However, we are still going to calculate in centric compression because, the deviation being small, we note later that with the determination of the real height of the section, the condition will be respected.

#### Real Height to Be Calculated

In order to determine the real height h of the cross-section, the following hypothesis can be adopted for the reinforcement ratio to be considered: As / Ac = 1%. We can then deduce the real cross-section to be designed and its height as a function of the stress in the reinforcement and the width of the cross-section b.

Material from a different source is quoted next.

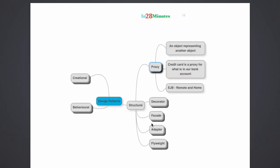Let's move on to the structural design patterns. The first of the structural design patterns that we are going to talk about is the proxy. The definition of proxy says an object representing another object.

Area of concrete cross-section

Ac ≥ 3.38 / (16.7 + 400 / 100) = 0.163 m²

Cross-section depth

Ac = b ⋅ h → h ≥ 0.163 / 0.4 = 0.41 m

The assumption h > b made for the slenderness calculation is correct, and we can retain a section height by choosing a multiple of 5 cm; that is to say, h = 45 cm.

Image 06 shows the steps to automatically determine the height of the rectangular cross-section in RF‑CONCRETE Members, using the "Optimize" function.

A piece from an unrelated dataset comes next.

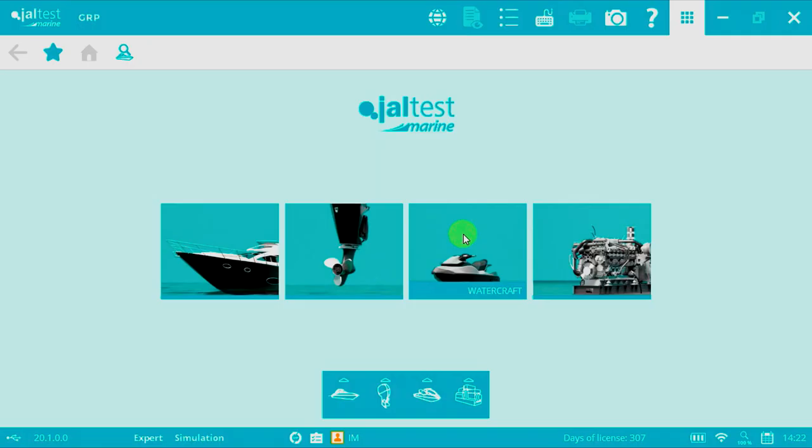Welcome to another JALTOS Marine V-LOG. We're going to be showing you how to connect and how to perform a key programming on a Kawasaki watercraft.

Equilibrium force of concrete

Fc = 0.40 ⋅ 0.45 ⋅ 16.7 = 3 MN

Equilibrium force of reinforcement

Fs= 3.376 - 3 = 0.38 MN

We deduce the corresponding reinforcement area:

Reinforcement area

As = 0.38 / 400 ⋅ 104 = 9.5 cm²

Having set up steels with a diameter of 20 mm in RF‑CONCRETE Members, the reinforcements provided and determined automatically by the module are 4 members, with a distribution in the corners, as requested; that is, 1 HA 20 per corner. Therefore, the result of the cross-sectional area and the following:

As = 4 ⋅ 3.142 = 12.57 cm²

Mechanical reinforcement ratio

ω = (As ⋅ fyd) / (Ac ⋅ fcd) = 12.57 ⋅ 435 / (40 ⋅ 45 ⋅ 16.7) = 0.182

Final check of limiting slenderness as h > b

n = 3.38 / (0.40 ⋅ 0.45 ⋅ 16.7) = 1.125

B = √(1 + 2 ⋅ ω) = 1.17

λlim = 20 ⋅ 0.7 ⋅ 1.17 ⋅ 0.7 / √1.125 = 10.81 m

λz < λlim → The slenderness criterion is fulfilled.

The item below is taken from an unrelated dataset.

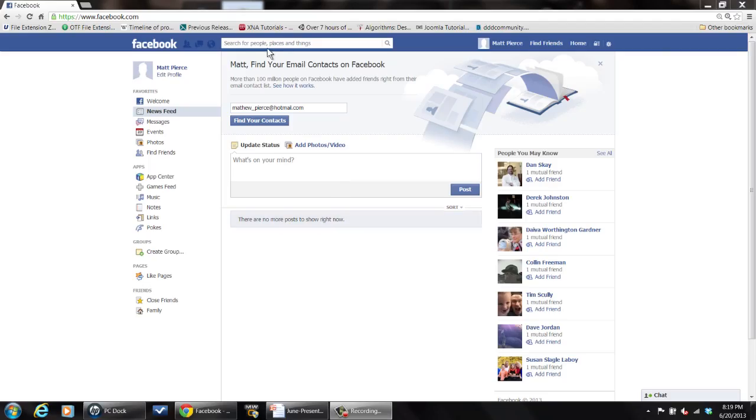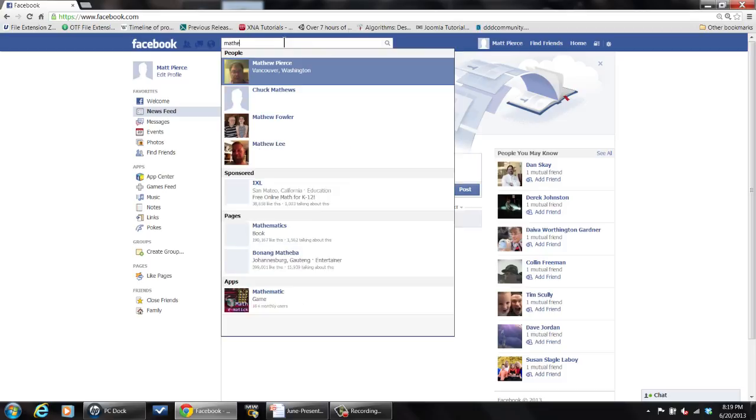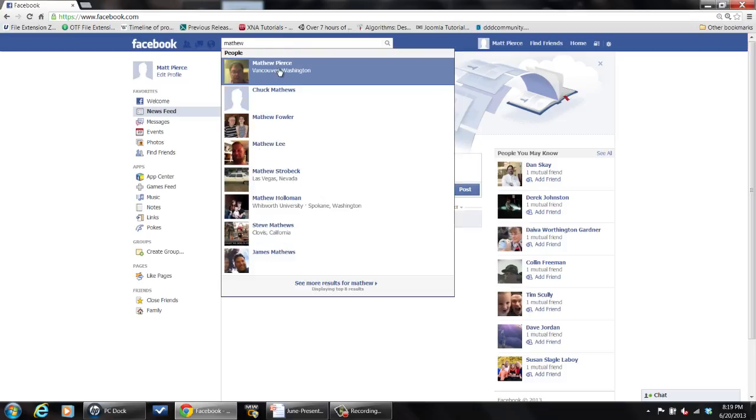This is really simple to do. What you've got to first do is log into Facebook and then go and find your friend's page. I just go up here and type their name in. I'll use my other account.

#### Application in Other Add-on Modules

The RF‑CONCRETE Columns add-on module also allows for determining the reinforcement of a structural element subjected to axial compression. A technical article detailing the differences between RF‑CONCRETE Members and RF‑CONCRETE Columns can be found here.

#### M.Eng. Milan Gérard

Sales & Technical Support

Milan Gérard works at the Paris site. He is responsible for sales and provides technical support to our French-speaking customers.

#### Reference

 [1] Eurocode 2: Design of concrete structures - Part 1-1: General rules and rules for buildings; EN 1992-1-1:2011-01 [2] Roux, J. (2007). Pratique de l'eurocode 2 - Guide d'application. Paris: Groupe Eyrolles.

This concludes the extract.